DATA EXCERPTS -
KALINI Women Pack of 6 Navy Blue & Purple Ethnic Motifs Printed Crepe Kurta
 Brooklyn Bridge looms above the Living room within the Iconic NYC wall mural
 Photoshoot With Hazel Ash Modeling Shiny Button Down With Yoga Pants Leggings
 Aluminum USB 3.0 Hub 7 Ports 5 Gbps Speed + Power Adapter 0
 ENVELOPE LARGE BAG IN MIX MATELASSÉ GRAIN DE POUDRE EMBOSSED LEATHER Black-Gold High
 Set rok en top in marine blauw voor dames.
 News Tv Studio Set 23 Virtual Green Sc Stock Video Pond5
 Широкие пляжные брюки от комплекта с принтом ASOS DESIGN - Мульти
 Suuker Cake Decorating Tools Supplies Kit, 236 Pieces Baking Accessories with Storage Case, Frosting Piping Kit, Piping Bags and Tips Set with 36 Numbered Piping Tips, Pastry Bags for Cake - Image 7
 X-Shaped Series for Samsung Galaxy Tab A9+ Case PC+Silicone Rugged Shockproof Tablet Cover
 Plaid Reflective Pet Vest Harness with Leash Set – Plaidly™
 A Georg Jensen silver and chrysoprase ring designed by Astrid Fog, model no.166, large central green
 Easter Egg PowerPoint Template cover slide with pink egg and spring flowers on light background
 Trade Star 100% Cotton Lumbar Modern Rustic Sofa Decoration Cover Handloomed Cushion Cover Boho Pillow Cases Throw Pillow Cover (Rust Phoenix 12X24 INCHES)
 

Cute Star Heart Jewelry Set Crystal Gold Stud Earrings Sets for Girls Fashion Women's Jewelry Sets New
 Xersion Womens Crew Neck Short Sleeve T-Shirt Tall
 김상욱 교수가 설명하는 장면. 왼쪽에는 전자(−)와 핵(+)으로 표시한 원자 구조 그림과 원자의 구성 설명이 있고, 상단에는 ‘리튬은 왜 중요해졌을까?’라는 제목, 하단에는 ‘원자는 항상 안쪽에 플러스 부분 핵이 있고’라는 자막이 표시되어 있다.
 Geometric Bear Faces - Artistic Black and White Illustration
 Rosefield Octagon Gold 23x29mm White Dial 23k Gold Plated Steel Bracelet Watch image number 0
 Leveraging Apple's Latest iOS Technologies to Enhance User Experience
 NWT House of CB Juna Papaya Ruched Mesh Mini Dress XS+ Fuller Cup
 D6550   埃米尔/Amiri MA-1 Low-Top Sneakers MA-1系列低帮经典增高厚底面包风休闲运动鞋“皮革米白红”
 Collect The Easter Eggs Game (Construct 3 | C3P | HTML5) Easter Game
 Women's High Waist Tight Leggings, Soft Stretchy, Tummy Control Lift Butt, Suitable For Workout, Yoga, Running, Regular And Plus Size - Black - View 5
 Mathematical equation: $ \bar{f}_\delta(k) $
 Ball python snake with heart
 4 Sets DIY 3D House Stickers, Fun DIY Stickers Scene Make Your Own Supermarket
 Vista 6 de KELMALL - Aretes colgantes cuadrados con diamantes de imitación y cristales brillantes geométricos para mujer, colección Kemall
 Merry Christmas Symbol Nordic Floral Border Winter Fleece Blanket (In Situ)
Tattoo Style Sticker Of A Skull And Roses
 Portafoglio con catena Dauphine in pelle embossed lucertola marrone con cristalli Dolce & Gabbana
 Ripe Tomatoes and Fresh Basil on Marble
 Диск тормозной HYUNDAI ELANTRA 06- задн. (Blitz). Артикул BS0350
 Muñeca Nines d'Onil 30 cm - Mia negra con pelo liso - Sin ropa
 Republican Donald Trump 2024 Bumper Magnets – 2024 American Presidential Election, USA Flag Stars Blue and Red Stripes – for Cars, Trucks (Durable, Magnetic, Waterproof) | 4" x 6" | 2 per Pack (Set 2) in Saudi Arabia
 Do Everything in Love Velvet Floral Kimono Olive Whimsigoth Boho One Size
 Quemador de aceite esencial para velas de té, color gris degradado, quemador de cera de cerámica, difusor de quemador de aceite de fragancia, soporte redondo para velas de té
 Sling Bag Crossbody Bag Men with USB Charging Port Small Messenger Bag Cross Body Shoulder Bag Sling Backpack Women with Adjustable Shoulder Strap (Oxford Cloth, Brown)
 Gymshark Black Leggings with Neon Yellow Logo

YOUR ASSIGNMENT - Transcribe every entry exactly.

EXERCISE RESPONSE -
KALINI Women Pack of 6 Navy Blue & Purple Ethnic Motifs Printed Crepe Kurta
 Brooklyn Bridge looms above the Living room within the Iconic NYC wall mural
 Photoshoot With Hazel Ash Modeling Shiny Button Down With Yoga Pants Leggings
 Aluminum USB 3.0 Hub 7 Ports 5 Gbps Speed + Power Adapter 0
 ENVELOPE LARGE BAG IN MIX MATELASSÉ GRAIN DE POUDRE EMBOSSED LEATHER Black-Gold High
 Set rok en top in marine blauw voor dames.
 News Tv Studio Set 23 Virtual Green Sc Stock Video Pond5
 Широкие пляжные брюки от комплекта с принтом ASOS DESIGN - Мульти
 Suuker Cake Decorating Tools Supplies Kit, 236 Pieces Baking Accessories with Storage Case, Frosting Piping Kit, Piping Bags and Tips Set with 36 Numbered Piping Tips, Pastry Bags for Cake - Image 7
 X-Shaped Series for Samsung Galaxy Tab A9+ Case PC+Silicone Rugged Shockproof Tablet Cover
 Plaid Reflective Pet Vest Harness with Leash Set – Plaidly™
 A Georg Jensen silver and chrysoprase ring designed by Astrid Fog, model no.166, large central green
 Easter Egg PowerPoint Template cover slide with pink egg and spring flowers on light background
 Trade Star 100% Cotton Lumbar Modern Rustic Sofa Decoration Cover Handloomed Cushion Cover Boho Pillow Cases Throw Pillow Cover (Rust Phoenix 12X24 INCHES)
 

Cute Star Heart Jewelry Set Crystal Gold Stud Earrings Sets for Girls Fashion Women's Jewelry Sets New
 Xersion Womens Crew Neck Short Sleeve T-Shirt Tall
 김상욱 교수가 설명하는 장면. 왼쪽에는 전자(−)와 핵(+)으로 표시한 원자 구조 그림과 원자의 구성 설명이 있고, 상단에는 ‘리튬은 왜 중요해졌을까?’라는 제목, 하단에는 ‘원자는 항상 안쪽에 플러스 부분 핵이 있고’라는 자막이 표시되어 있다.
 Geometric Bear Faces - Artistic Black and White Illustration
 Rosefield Octagon Gold 23x29mm White Dial 23k Gold Plated Steel Bracelet Watch image number 0
 Leveraging Apple's Latest iOS Technologies to Enhance User Experience
 NWT House of CB Juna Papaya Ruched Mesh Mini Dress XS+ Fuller Cup
 D6550   埃米尔/Amiri MA-1 Low-Top Sneakers MA-1系列低帮经典增高厚底面包风休闲运动鞋“皮革米白红”
 Collect The Easter Eggs Game (Construct 3 | C3P | HTML5) Easter Game
 Women's High Waist Tight Leggings, Soft Stretchy, Tummy Control Lift Butt, Suitable For Workout, Yoga, Running, Regular And Plus Size - Black - View 5
 Mathematical equation: $ \bar{f}_\delta(k) $
 Ball python snake with heart
 4 Sets DIY 3D House Stickers, Fun DIY Stickers Scene Make Your Own Supermarket
 Vista 6 de KELMALL - Aretes colgantes cuadrados con diamantes de imitación y cristales brillantes geométricos para mujer, colección Kemall
 Merry Christmas Symbol Nordic Floral Border Winter Fleece Blanket (In Situ)
Tattoo Style Sticker Of A Skull And Roses
 Portafoglio con catena Dauphine in pelle embossed lucertola marrone con cristalli Dolce & Gabbana
 Ripe Tomatoes and Fresh Basil on Marble
 Диск тормозной HYUNDAI ELANTRA 06- задн. (Blitz). Артикул BS0350
 Muñeca Nines d'Onil 30 cm - Mia negra con pelo liso - Sin ropa
 Republican Donald Trump 2024 Bumper Magnets – 2024 American Presidential Election, USA Flag Stars Blue and Red Stripes – for Cars, Trucks (Durable, Magnetic, Waterproof) | 4" x 6" | 2 per Pack (Set 2) in Saudi Arabia
 Do Everything in Love Velvet Floral Kimono Olive Whimsigoth Boho One Size
 Quemador de aceite esencial para velas de té, color gris degradado, quemador de cera de cerámica, difusor de quemador de aceite de fragancia, soporte redondo para velas de té
 Sling Bag Crossbody Bag Men with USB Charging Port Small Messenger Bag Cross Body Shoulder Bag Sling Backpack Women with Adjustable Shoulder Strap (Oxford Cloth, Brown)
 Gymshark Black Leggings with Neon Yellow Logo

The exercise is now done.